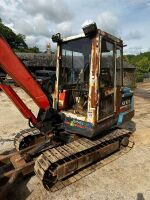 1996 KUBOTA 3.5T DIGGER - 3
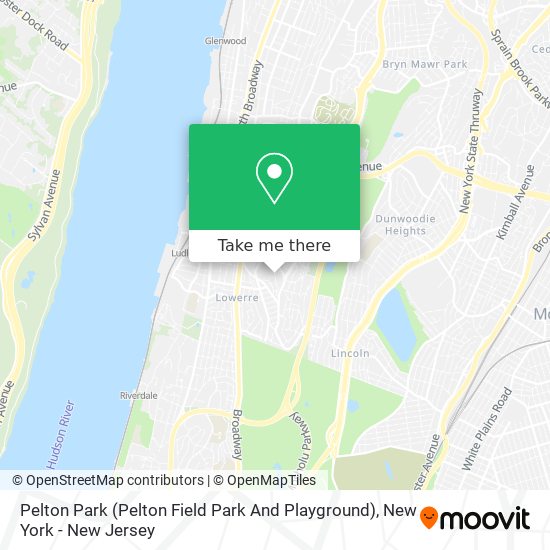 Mapa de Pelton Park (Pelton Field Park And Playground)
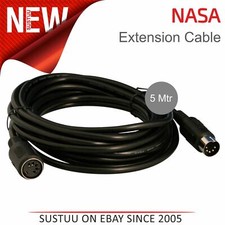 NASA Marine Wind 5 Way Extension Cable - 5m│For Extend Clipper Depth Repeater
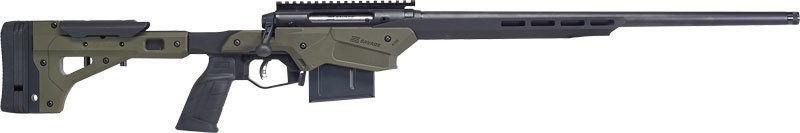 Savage Arms Axis II Precision Rifle 243 Win 10/rd 22" Barrel OD Green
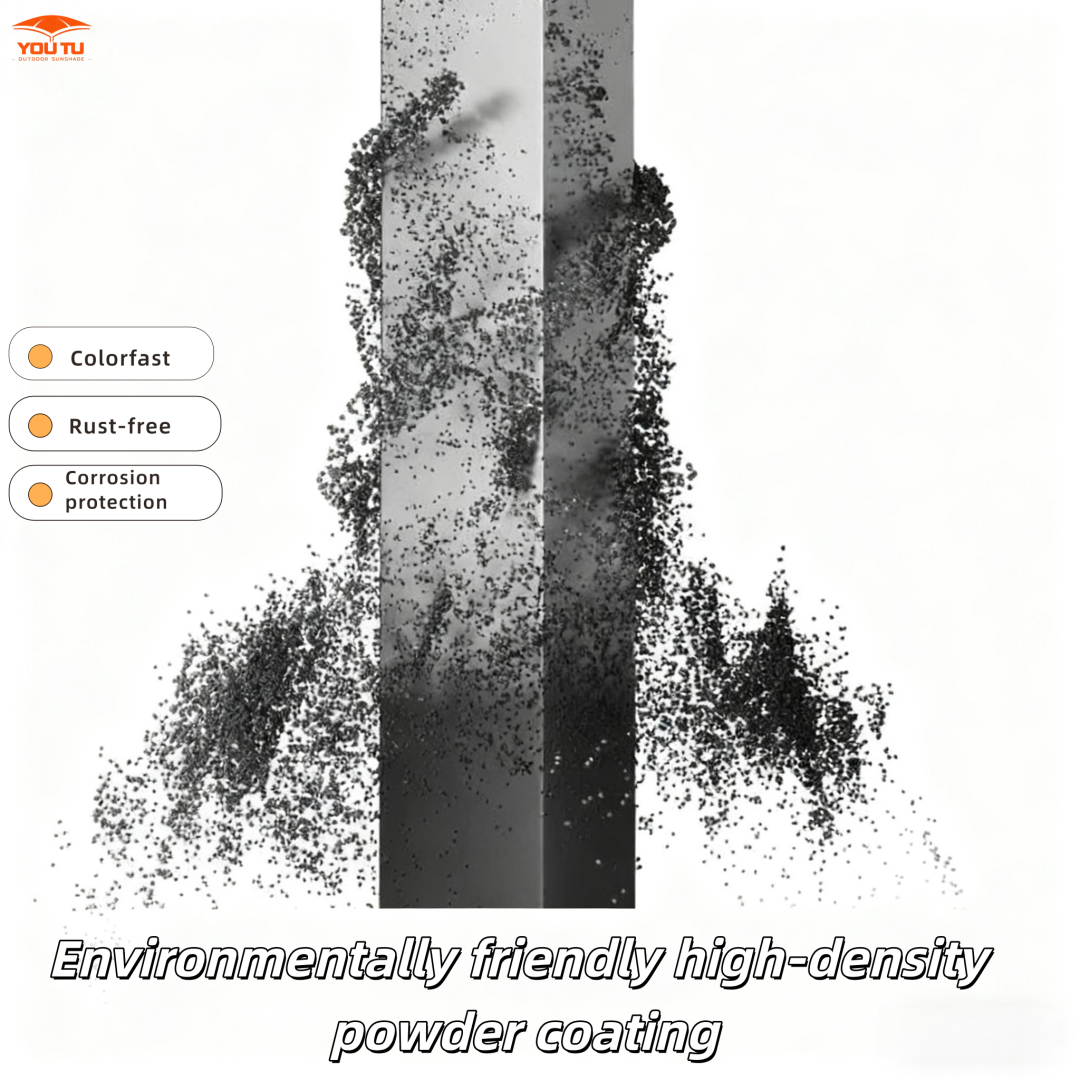 Aluminum alloy Pergola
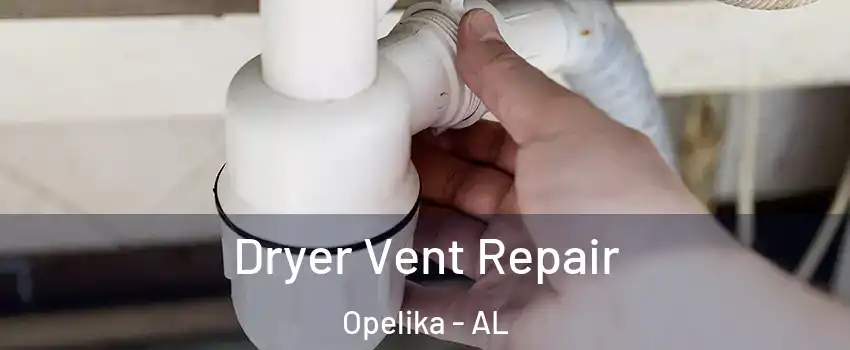  Dryer Vent Repair Opelika - AL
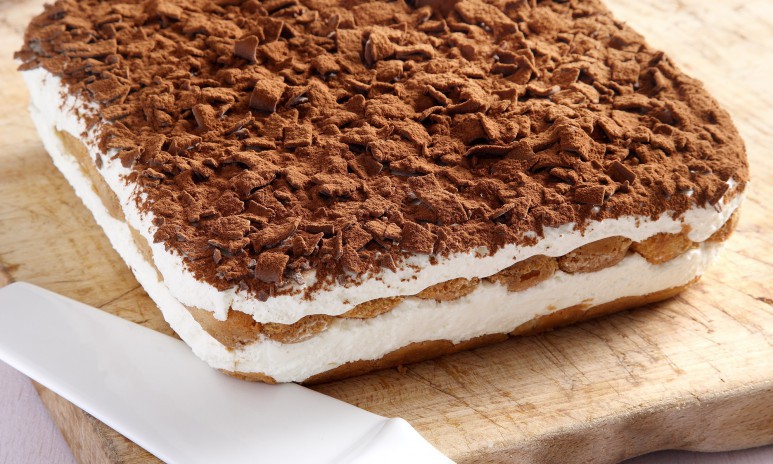 Recept Tiramisu Mascarpone dessert Grand'Italia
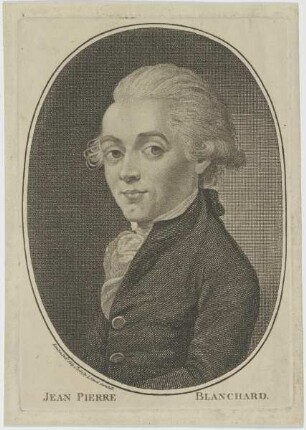 Bildnis des Jean Pierre Blanchard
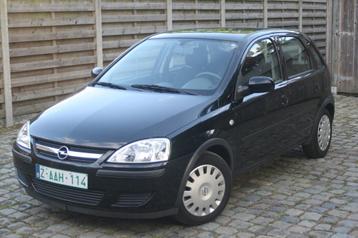 Opel Corsa C (2005) 77.800 km (blanco gekeurd voor verkoop) beschikbaar voor biedingen
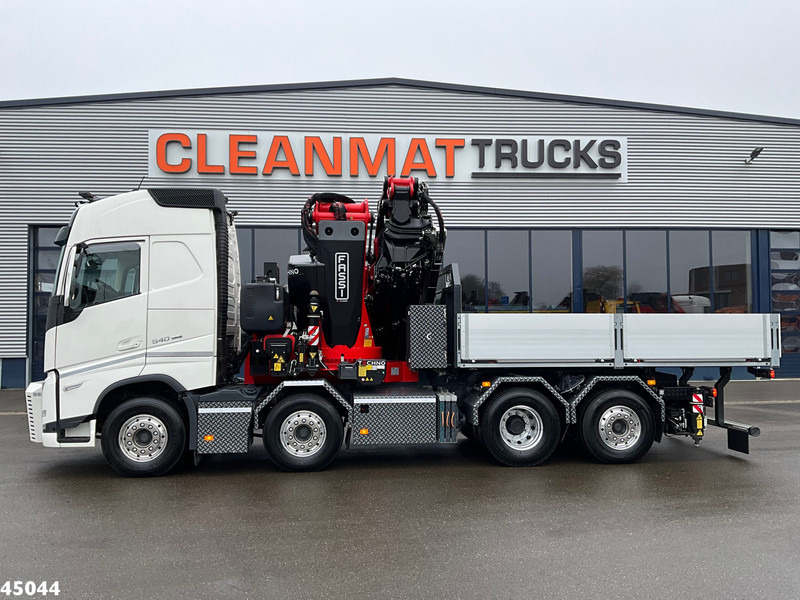 Volvo FH 540 8x2 Fassi 145 Tonmeter laadkraan + Fly-JIb Just 7.187 Km! Demo voertuig! - Truk derek: gambar 2 Volvo FH 540 8x2 Fassi 145 Tonmeter laadkraan + Fly-JIb Just 7.187 Km! Demo voertuig! - Truk derek: gambar 2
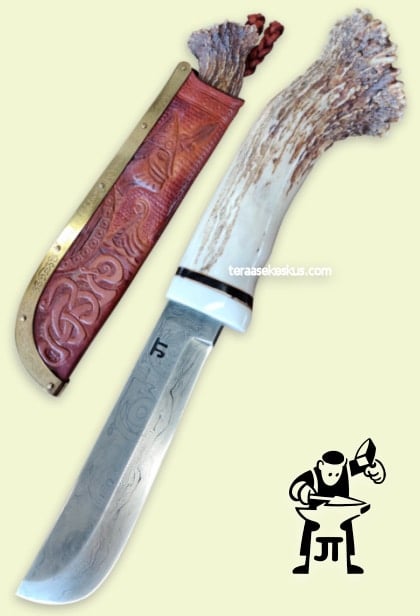 JT Pälikkö Vikingúr-Hunter knife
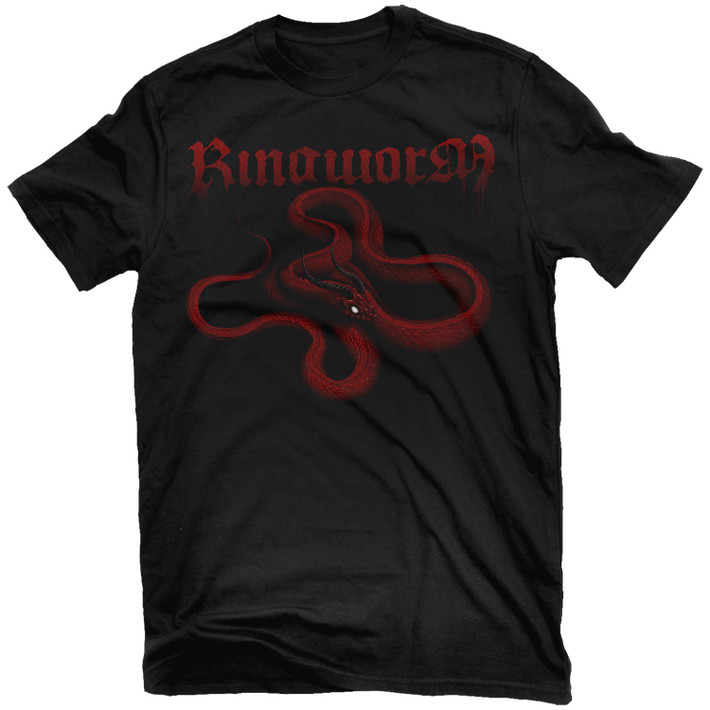 Ringworm 'Death Becomes My Voice' (Black) T-Shirt - US Import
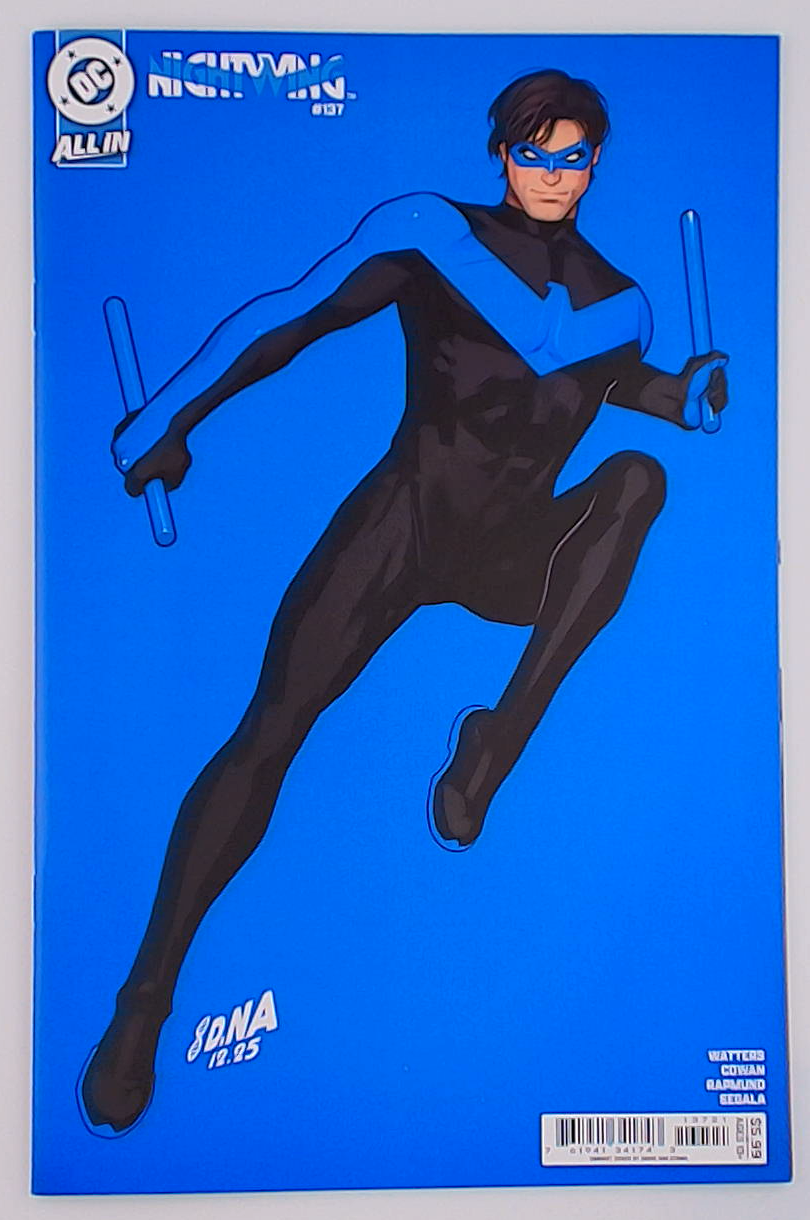 Nightwing v.04 #137B David Nakayama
§
## PROBLEM TO SOLVE:
Each record above needs to be retyped exactly, without any pictures.

## TASK ANSWER:
 1996 KUBOTA 3.5T DIGGER - 3
 Mapa de Pelton Park (Pelton Field Park And Playground)
 NASA Marine Wind 5 Way Extension Cable - 5m│For Extend Clipper Depth Repeater
 Savage Arms Axis II Precision Rifle 243 Win 10/rd 22" Barrel OD Green
 Aluminum alloy Pergola
  Dryer Vent Repair Opelika - AL
 Recept Tiramisu Mascarpone dessert Grand'Italia
 Bildnis des Jean Pierre Blanchard
 Opel Corsa C (2005) 77.800 km (blanco gekeurd voor verkoop) beschikbaar voor biedingen
 Volvo FH 540 8x2 Fassi 145 Tonmeter laadkraan + Fly-JIb Just 7.187 Km! Demo voertuig! - Truk derek: gambar 2 Volvo FH 540 8x2 Fassi 145 Tonmeter laadkraan + Fly-JIb Just 7.187 Km! Demo voertuig! - Truk derek: gambar 2
 JT Pälikkö Vikingúr-Hunter knife
 Ringworm 'Death Becomes My Voice' (Black) T-Shirt - US Import
 Nightwing v.04 #137B David Nakayama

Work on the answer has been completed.